Though Bates had taught English courses at several prison facilities, beginning in 1983, her foray into the Wabash Valley Correctional Facility marked the first time an instructor was granted access to inmates under the highest security levels. Bates’ unique opportunity and experiences are detailed in her book, “Shakespeare Saved My Life: Ten Years in Solitary with the Bard.”

While many people might consider the works of Shakespeare to be best examined in a college classroom or on a theater stage, Bates wanted to explore the possibilities for Shakespeare behind bars. 

Through stories of her students and their assessments and reactions to examples from Shakespeare’s plays, Bates demonstrates how relevant and applicable the Bard’s works are, even to inmates, and even 400 years after his death.

Furthermore, many of the students Bates encountered had limited reading levels and educational backgrounds. However, they found Shakespeare’s works to not only be accessible but, at times, they were able to make assessments that were more complex and insightful than those made by students in a traditional classroom.

Bates shares the story of her time with Larry Newton, an inmate serving a life sentence for a murder committed while he was a teenager. Bates admits that Newton was really the only inmate who initially scared her. 

Although, she had no plans to work with Newton, his preliminary responses to her prompts changed her mind. Regarding a soliloquy about the meaning of life from the last act of the history play, “Richard II,” Newton assesses that Richard’s conclusion to life means, “that until you have been at peace, or content, with nothing, you cannot be pleased with anything.”

Bates and Newton, a fifth grade dropout, continued working together, and eventually Newton helped to create an educational booklet for inmates studying Shakespeare, “The Prisoner’s Guide to the Complete Works of Shakespeare.”

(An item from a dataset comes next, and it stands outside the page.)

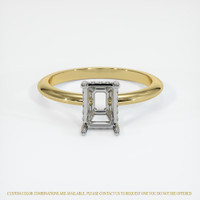 14K White & Yellow Pave Ring Setting Image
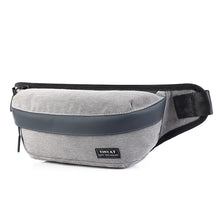 Load image into Gallery viewer, TINYAT Men Shoulder Waist Bag pack Black Canvas Chest Fanny Bag Handbag Belt Bag pack for phone money Women Travel Hip Pack Bum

The impact of education and its ability to transform lives is a personal value Bates understands, being raised in a “west side Chicago ghetto” as the child of poor Eastern European immigrant parents. 

Bates’ desire to provide education to high-security level inmates stemmed from her natural curiosity to expand her ideals and a desire to challenge herself and view the world from a different perspective. She took risks to educate an inmate population, and as a result, the stories of those taught in her book demonstrate just how impactful education can be.

“Shakespeare Saved My Life: Ten Years in Solitary With the Bard” is the 2016 Wabash Valley Community Read.